Task brief
Reproduce the listing below exactly, beginning with its first line and ending with the line that holds "de la charrería</a></b>."; pictures are not part of the copy.

Listed records

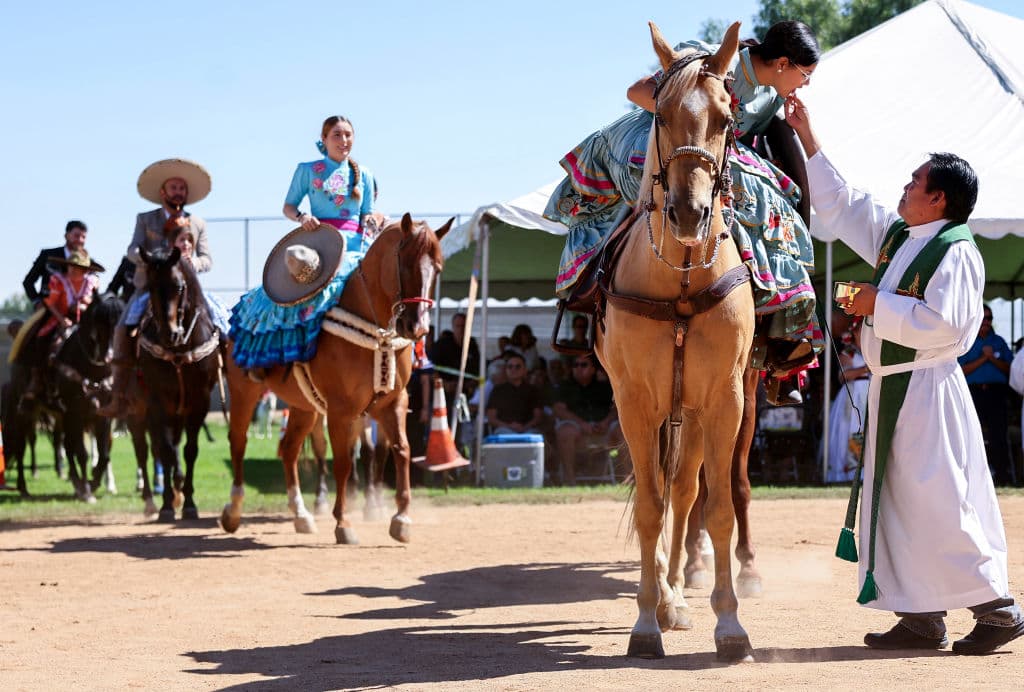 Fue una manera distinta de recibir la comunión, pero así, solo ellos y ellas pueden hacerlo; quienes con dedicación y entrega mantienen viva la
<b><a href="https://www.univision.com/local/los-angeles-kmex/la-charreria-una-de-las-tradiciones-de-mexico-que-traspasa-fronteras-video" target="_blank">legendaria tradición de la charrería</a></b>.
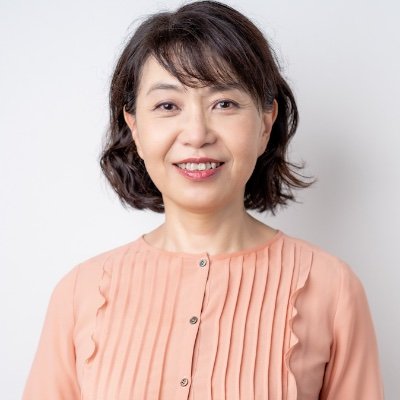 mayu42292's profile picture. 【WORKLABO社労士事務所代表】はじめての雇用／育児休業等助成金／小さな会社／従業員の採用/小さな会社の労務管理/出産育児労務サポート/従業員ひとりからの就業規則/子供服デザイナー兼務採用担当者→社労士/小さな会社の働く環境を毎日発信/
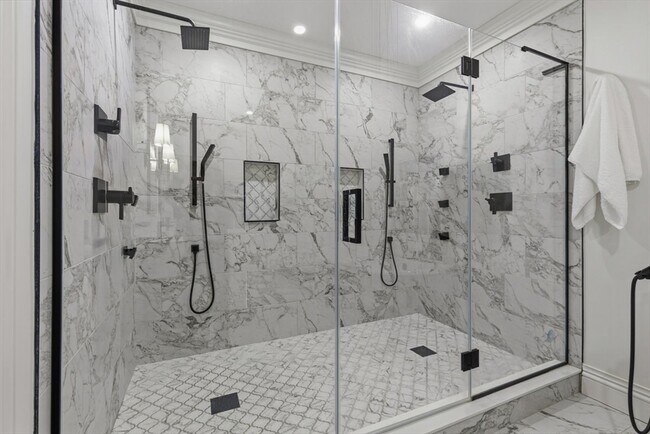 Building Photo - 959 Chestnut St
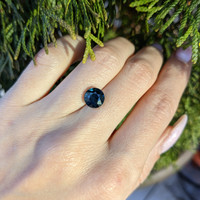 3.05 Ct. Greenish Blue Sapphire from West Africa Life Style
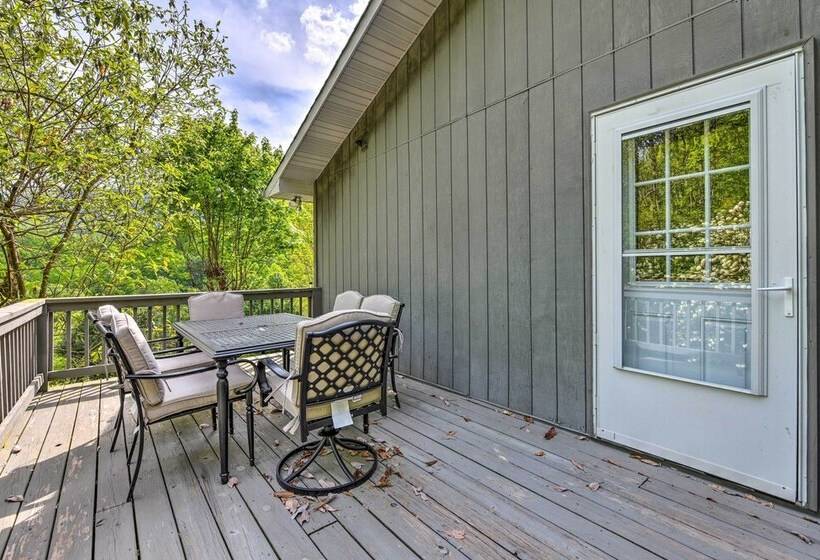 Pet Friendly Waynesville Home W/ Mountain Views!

Task output
 Fue una manera distinta de recibir la comunión, pero así, solo ellos y ellas pueden hacerlo; quienes con dedicación y entrega mantienen viva la
<b><a href="https://www.univision.com/local/los-angeles-kmex/la-charreria-una-de-las-tradiciones-de-mexico-que-traspasa-fronteras-video" target="_blank">legendaria tradición de la charrería</a></b>.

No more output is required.